Julian Callow, economist at Credit Suisse First Boston, says the desire for consensus partly reflects the ECB's multi-national character. "The formation of the ECB has involved a tremendous concentration of power, from 12 national central banks to effectively one organisation," he says.

"Many senior central banking officials, especially national governors, had been accustomed to a highly visible public profile, and inevitably still want their voices heard in public and private."

Outside the eurozone, some central bankers say the ECB's teething difficulties may reflect the fact that, before the euro's launch, many European central banks lacked experience in running independent monetary policies. Moving in line with the Bundesbank was the order of the day for many of them.

The Bundesbank's legacy is visible in the ECB's official strategy. In recognition of the German central bank's unequalled anti-inflationary record, the ECB set itself the primary objective of keeping inflation below 2 per cent a year.

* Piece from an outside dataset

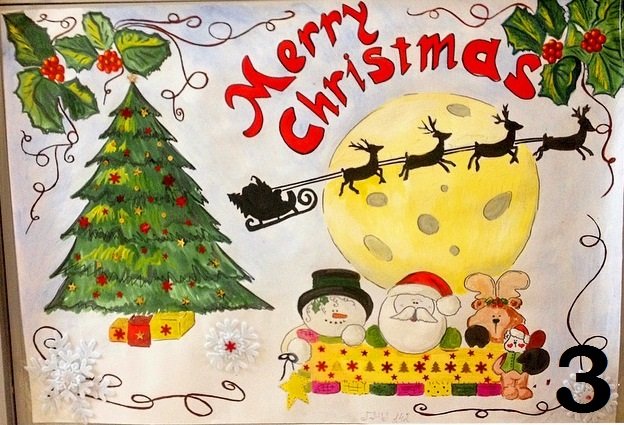 Плакат на новый год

To achieve this goal, the ECB adopted a "two-pillar" strategy. The first pillar involves a close monitoring of M3 money supply growth, and the second an assessment of the inflation outlook based on indicators such as economic growth, the exchange rate, fiscal policy and business and consumer surveys.

Even some ECB council members now appear uncertain about the value of M3 as an accurate guide to inflation trends. "I would say that while it must be clear that the ECB is not planning to abandon M3, I personally cannot rule out that some day M3 could abandon us," says Guy Quaden, Belgium's central bank governor.

Thornier still is the question of whether the 2 per cent inflation target is too restrictive. Given that many eurozone countries have been historically prone to high inflation, the ECB's determination to build a reputation for guaranteeing price stability is understandable.

But the 2 per cent ceiling is so low that it can easily be overshot, as it was in 2000 and this year, because of unexpected shocks such as rising food and oil prices that do not necessarily threaten medium-term price stability.

Guido Tabellini, economics professor at Milan's Bocconi University, is among those experts who say a wider inflation target of 1 to 3 per cent would offer the ECB more room for manoeuvre on interest rates.

Mr Issing and his ECB colleagues never tire of pointing out that low inflation is the best contribution the ECB can make to economic growth. Moreover, some responsibility for improving the eurozone's growth performance clearly rests with national governments, many of which are only slowly deregulating labour and product markets and easing tax burdens on employment.

In this sense, much criticism of the ECB is aimed at the wrong target, they say. Powerful though it is, the ECB is only one actor among many in the eurozone. It will require a bigger effort by all to raise growth, sharpen competitiveness and make a long-term success of the euro.